1) He makes angry noises at himself in the mirror and screeches at his reflection. Sometimes he sings to himself and gives himself kisses, then he goes full on attack mode.

2) He is pushing his boundaries and wandering to not so safe places he's never gone to before (like under my dresser where there is a surge protector and a bunch of cords). I have tried blocking it off but then he get's REALLY pissed about it and I have to put him away for being naughty. 

3) He fights and bites HARD when he isn't getting his way. He can't eat everything I eat, he can't go in certain places around the house, I have no way of knowing EXACTLY how he wants his scratchies today (sometimes he LOVES beak scratchies, sometimes he he wants no part of it, but he acts like he does.

4) He tries to mate with my moms hand. She lets him because he always seems to calm down afterwards. It's weird. He doesn't try it with me. 

5) He was having issues with flying in to mirrors and windows and not letting me pick him up when I needed to stop him, so I clipped his wings. I feel like a horrible person. Since then he has gotten depressed, sullen, and even more aggressive. 

6) My mom and I go to pick him up off the floor and he full on attacks and draws blood.

7) He has crazy separation anxiety. He doesn't pluck or anything, but he screams and cries when we are leaving the house and he screams and cries when we come back home. I have no idea what happened in his former home (the rescue I got him from said someone found him on their property, but his wings were clipped, so I'm thinking someone gave him up because they couldn't keep him anymore and they didn't want to be judged for it). Once he opened up to me, we realized he could say "Be a good boy, OK? I love you! Have a good day, OK? Did you have a good day?" Someone obviously loved him before... and since I have had him, he hasn't learned any new words. He's trying to say "pretty bird" but it's rough. And he knows the first part of Saria's Song from Zelda, but he adds his own "flair". 

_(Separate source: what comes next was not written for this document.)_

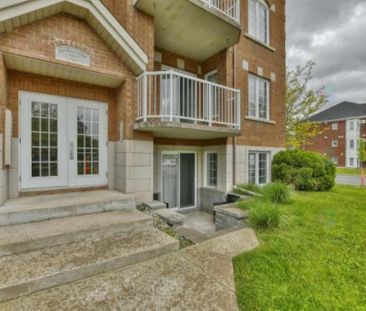 Magnifique logement 4 ½ situé au rez-de-jardin à louer à Saint-Eust... - Photo 3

He is out of his cage when one of us is home and not in the shower. He has a whole bunch of toys that get rotated out and he LOVES to shred empty tissue boxes (sans plastic of course). He gets eggs, chicken, and various veggies multiple times a week and wants to eat everything I eat (he doesn't get the bad stuff, which pisses him off because he wants that the most). If I lay down to take a nap, he comes over to nap with me. We have snuggle/kissey time and we sing together and it's lovely. He's not a bad bird. He's a sweet boy. I feel like it's just hormones, being a lone male bird. But it all seems to keep getting worse. His "punishment" is being put back in his cage to decompress. But it is only a temporary solution. I have trained horses, dogs, and cats before, but birds confuse the **** out of me. I have never been a bird person but a budgie fell in to my back yard 4 years ago and I now have 2 budgies and Loki due to various rescuings... SO! I really need help figuring out how to train him and what helps or hinders progress in making him less angry/ anxious and more happy/ easy going. 

Can anyone help me?


----------



## JoJo's Mom (Oct 20, 2012)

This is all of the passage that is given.